The cyclic voltammograms (CV) were performed at scan rates of 10, 20, 50, 100, 200 and 400 mV s⁻¹ with a potential range of −0.9 to 0.1 V. The galvanostatic charge–discharge (GCD) properties were recorded in a potential window of −0.9 to 0.1 V at the current densities of 0.75, 1.5, 2.5, 5 and 10 A g⁻¹. The electrochemical impedance spectroscopy (EIS) was assessed using a sinusoidal signal of 5 mV within the frequency range of 0.01 Hz to 10⁵ Hz under open circuit potential. Cyclic stability was measured using GCD measurement for over 5000 cycles at the current density of 2.5 A g⁻¹.

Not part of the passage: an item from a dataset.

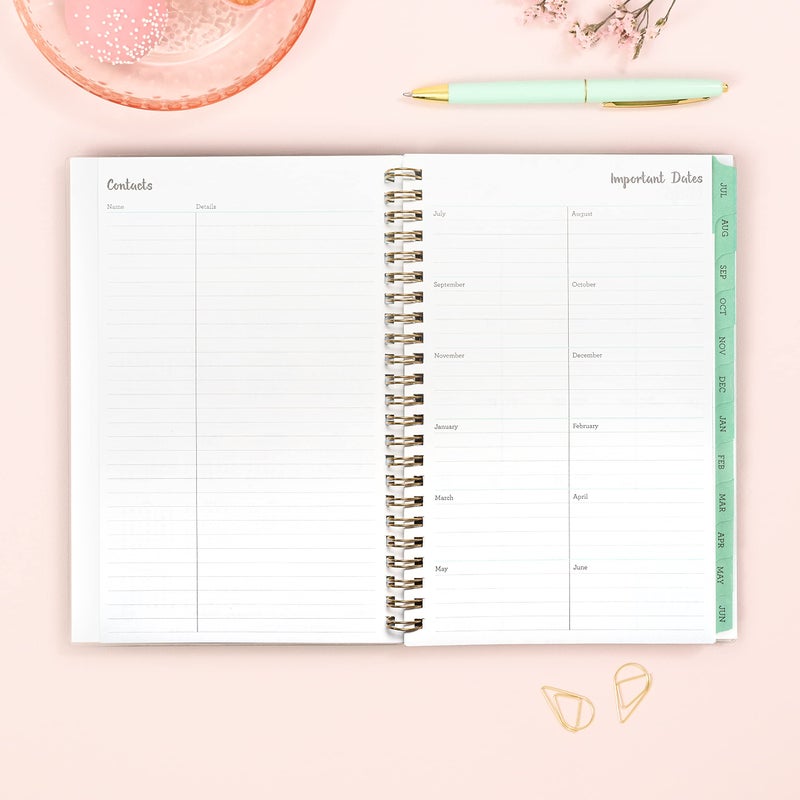 Blue Sky 2023-2024 Academic Year Weekly and Monthly Planner, 5" x 8", Frosted Flexible Cover, Wirebound, Laurel (144724) - Image 5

All the electrochemical parameters are calculated as follows,

The gravimetric capacitance (C_g, F g⁻¹):

C_g = (∫idV)/(v × m × V) (CV curves)

or C_g = I × Δt/(ΔV × m) (GCD curves)

where v (mV s⁻¹) is the voltage scan rate, V (V) is the potential window, m (g) is the mass of the active substance, I (A) is the applied current, Δt (s) is the discharged time, ΔV (V) is the discharged potential.

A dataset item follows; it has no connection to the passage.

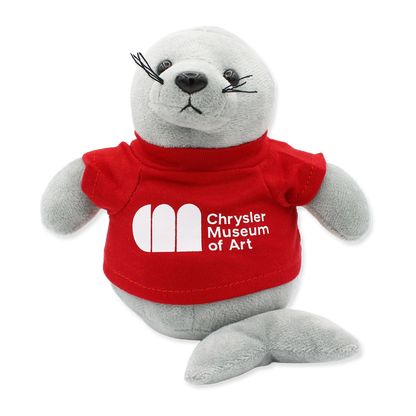 Plush seal toy wearing a red shirt with 'Chrysler Museum of Art' logo on a white background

The energy density (E, W h kg⁻¹) and power density (P, W kg⁻¹):

E = 1/2 × C × ΔV²

P = E/Δt

where C (F g⁻¹) is the capacitance of the symmetric two-electrode supercapacitor. Δt (h) is the discharged time, ΔV (V) is the discharged potential.

Results and discussion

Characterization of N-CFs/MoS₂ hybrid electrode materials

Fig. 2 shows the scanning electron microscope (SEM) images of CMC-NH₄, N-CFs and MoS₂. The observed diameter of the intertwined cylindrical and ribbon-like CMC-NH₄ fibers, which are several hundred micrometers in length as shown in Fig. 2a, is 10–15 μm. After water loss due to carbonization, almost all the N-CFs exhibit ribbon-like fibers with virtually no change in length (Fig. 2b). The SEM image of MoS₂ powder prepared via hydrothermal synthesis is displayed in Fig. 2c. The MoS₂ powder exhibits a relatively uniform and spherical shape with an average diameter of approximately 350 nm. These spheres consisted of MoS₂ nanosheets, indicating that the as-prepared MoS₂ nanosheets would easily self-assemble into a flower-like structure.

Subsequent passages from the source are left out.